- Provided records -
_ _ _
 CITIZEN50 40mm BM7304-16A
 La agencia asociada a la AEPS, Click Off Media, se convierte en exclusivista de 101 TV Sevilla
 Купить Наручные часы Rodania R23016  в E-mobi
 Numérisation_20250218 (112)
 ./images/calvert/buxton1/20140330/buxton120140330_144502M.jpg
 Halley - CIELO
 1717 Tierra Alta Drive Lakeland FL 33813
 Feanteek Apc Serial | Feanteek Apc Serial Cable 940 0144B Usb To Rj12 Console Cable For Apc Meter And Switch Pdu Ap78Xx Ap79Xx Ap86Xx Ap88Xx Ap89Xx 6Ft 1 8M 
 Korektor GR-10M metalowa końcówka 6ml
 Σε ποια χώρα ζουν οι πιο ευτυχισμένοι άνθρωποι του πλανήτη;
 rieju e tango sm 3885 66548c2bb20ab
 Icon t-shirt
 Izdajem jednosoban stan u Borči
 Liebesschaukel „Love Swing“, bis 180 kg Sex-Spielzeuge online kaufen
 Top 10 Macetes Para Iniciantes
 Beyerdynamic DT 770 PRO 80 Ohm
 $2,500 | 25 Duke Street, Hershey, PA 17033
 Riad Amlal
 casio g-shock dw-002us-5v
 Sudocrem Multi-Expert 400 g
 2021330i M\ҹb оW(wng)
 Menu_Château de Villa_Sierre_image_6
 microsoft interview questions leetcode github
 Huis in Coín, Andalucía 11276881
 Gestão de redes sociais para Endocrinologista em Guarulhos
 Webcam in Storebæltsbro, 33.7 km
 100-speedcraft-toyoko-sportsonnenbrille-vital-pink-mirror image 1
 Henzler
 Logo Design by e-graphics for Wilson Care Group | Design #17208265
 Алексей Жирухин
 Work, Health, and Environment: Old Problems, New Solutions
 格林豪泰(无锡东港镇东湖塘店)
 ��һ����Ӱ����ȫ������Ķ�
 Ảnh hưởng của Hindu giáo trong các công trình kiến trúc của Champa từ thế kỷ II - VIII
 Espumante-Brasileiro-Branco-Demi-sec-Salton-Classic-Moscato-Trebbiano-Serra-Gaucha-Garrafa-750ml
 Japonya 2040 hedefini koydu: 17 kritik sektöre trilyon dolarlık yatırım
_ _ _
- Work item -
Having located the line containing "2021330i M\ҹb оW(wng)", set it down along with every line after it through the end of the data, reproducing each exactly.

- Answer for this exercise -
 2021330i M\ҹb оW(wng)
 Menu_Château de Villa_Sierre_image_6
 microsoft interview questions leetcode github
 Huis in Coín, Andalucía 11276881
 Gestão de redes sociais para Endocrinologista em Guarulhos
 Webcam in Storebæltsbro, 33.7 km
 100-speedcraft-toyoko-sportsonnenbrille-vital-pink-mirror image 1
 Henzler
 Logo Design by e-graphics for Wilson Care Group | Design #17208265
 Алексей Жирухин
 Work, Health, and Environment: Old Problems, New Solutions
 格林豪泰(无锡东港镇东湖塘店)
 ��һ����Ӱ����ȫ������Ķ�
 Ảnh hưởng của Hindu giáo trong các công trình kiến trúc của Champa từ thế kỷ II - VIII
 Espumante-Brasileiro-Branco-Demi-sec-Salton-Classic-Moscato-Trebbiano-Serra-Gaucha-Garrafa-750ml
 Japonya 2040 hedefini koydu: 17 kritik sektöre trilyon dolarlık yatırım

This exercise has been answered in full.